## Task brief
Using the listing below, copy exactly each line from the one that has "Фотография Kirman Calyptus Resort Фотография" through the one that has "Puma Harry Potter Four Houses T-Shirt"; omit the pictures.

## Data listing

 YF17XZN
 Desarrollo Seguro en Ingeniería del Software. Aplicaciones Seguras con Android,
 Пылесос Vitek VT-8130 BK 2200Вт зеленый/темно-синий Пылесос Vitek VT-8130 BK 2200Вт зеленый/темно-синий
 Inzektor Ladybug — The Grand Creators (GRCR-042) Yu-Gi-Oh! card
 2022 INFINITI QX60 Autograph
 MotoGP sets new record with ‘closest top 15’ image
==
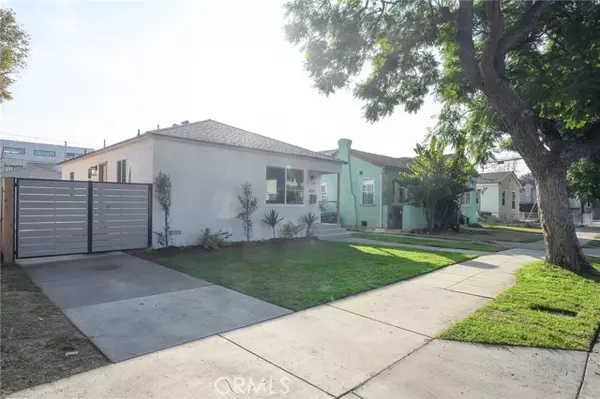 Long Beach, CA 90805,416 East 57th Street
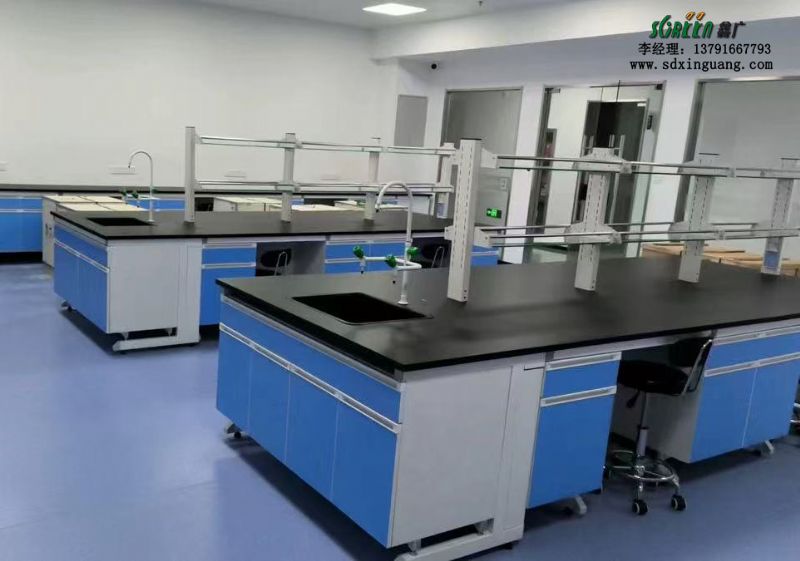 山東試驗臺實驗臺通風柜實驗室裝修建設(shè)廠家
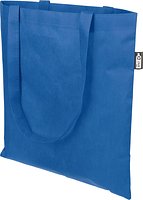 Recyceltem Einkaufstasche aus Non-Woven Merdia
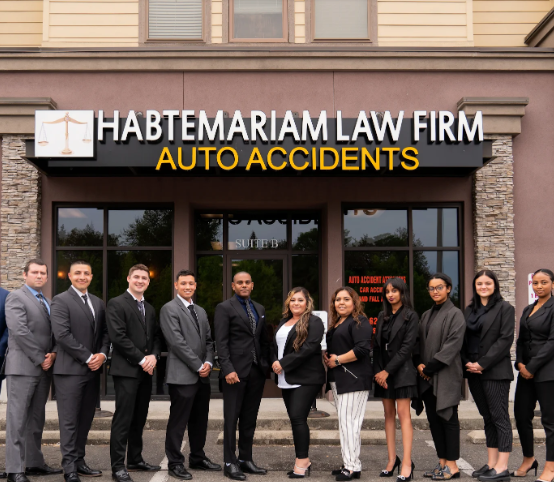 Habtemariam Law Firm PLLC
---
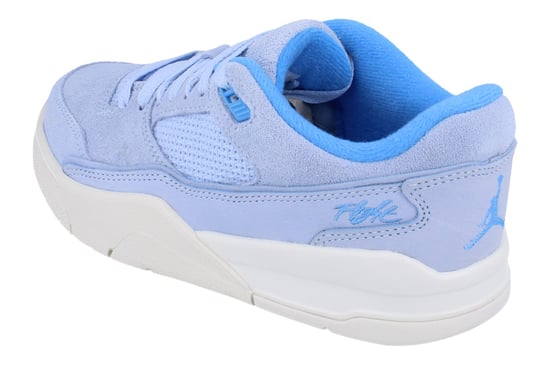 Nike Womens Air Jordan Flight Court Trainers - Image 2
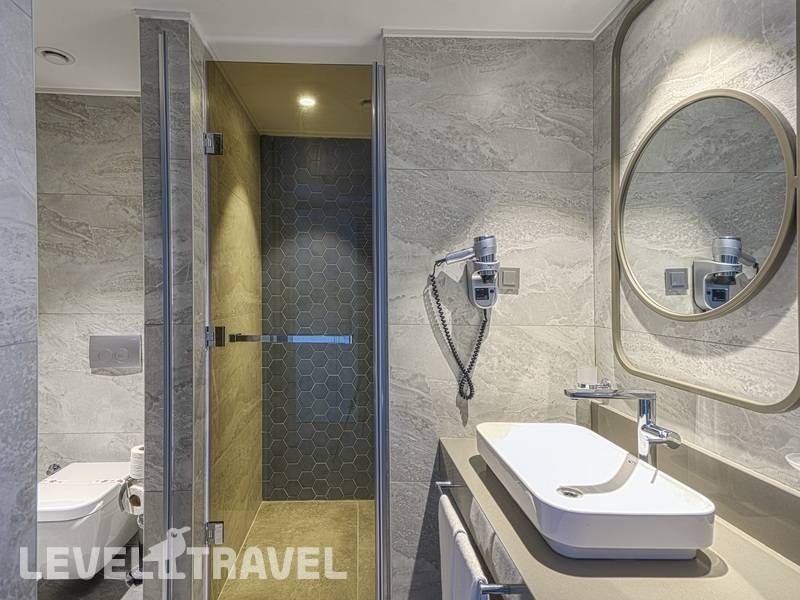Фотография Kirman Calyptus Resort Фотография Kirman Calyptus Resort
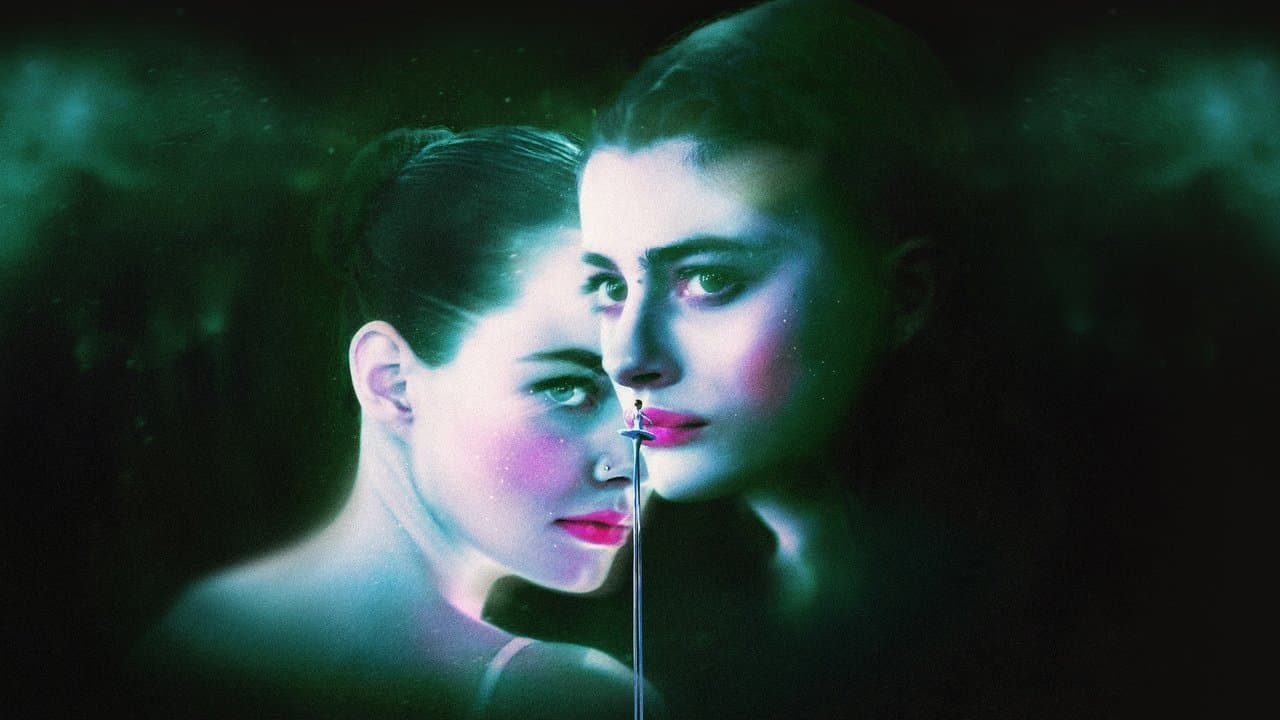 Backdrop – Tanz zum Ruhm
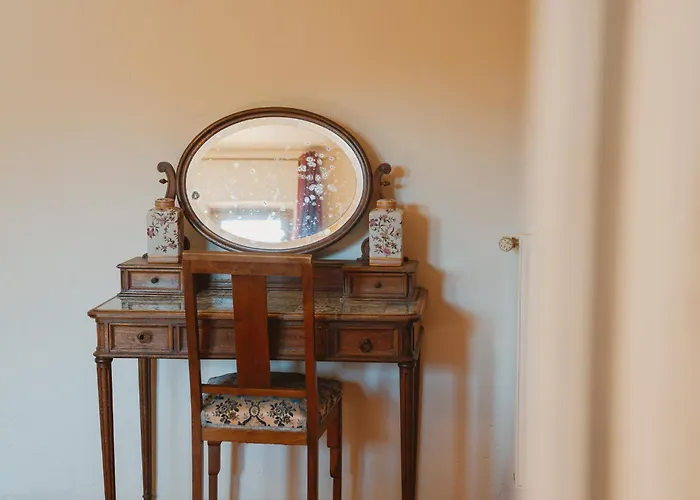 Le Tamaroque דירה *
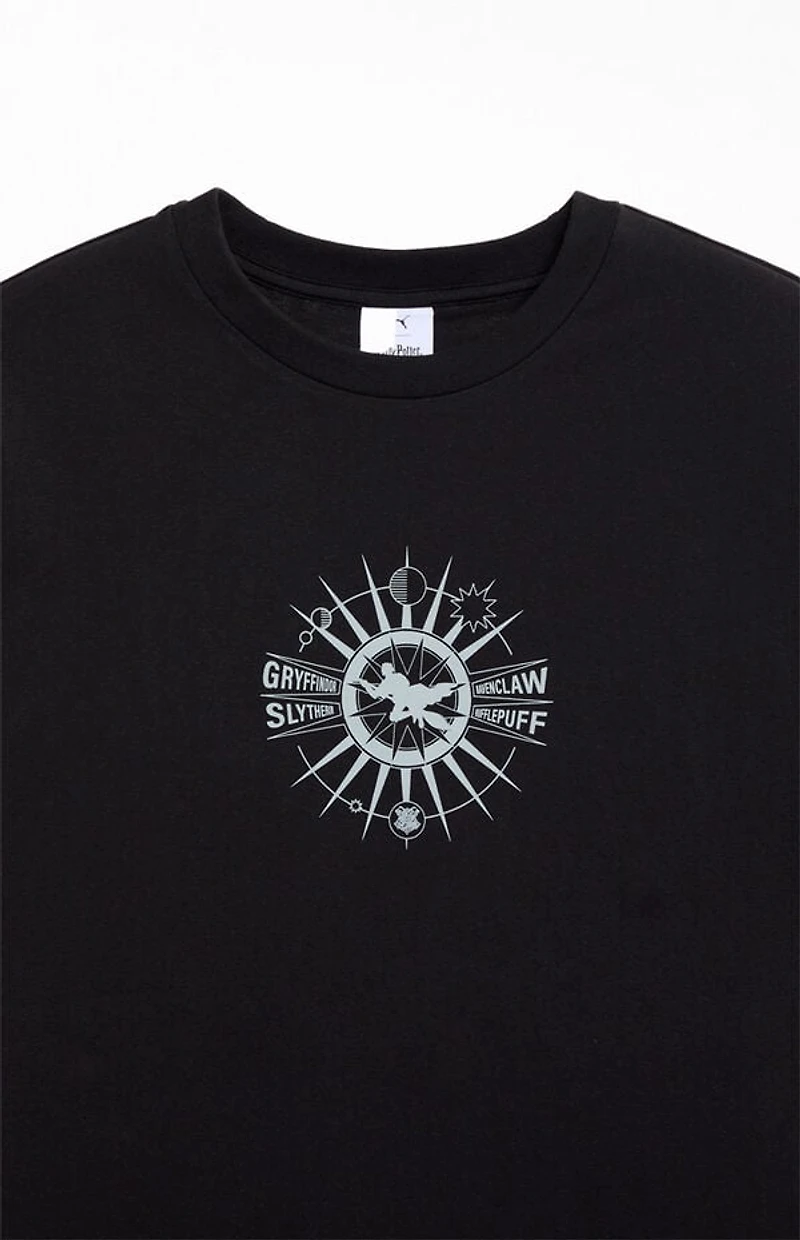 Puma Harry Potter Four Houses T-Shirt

## Output below
Фотография Kirman Calyptus Resort Фотография Kirman Calyptus Resort
 Backdrop – Tanz zum Ruhm
 Le Tamaroque דירה *
 Puma Harry Potter Four Houses T-Shirt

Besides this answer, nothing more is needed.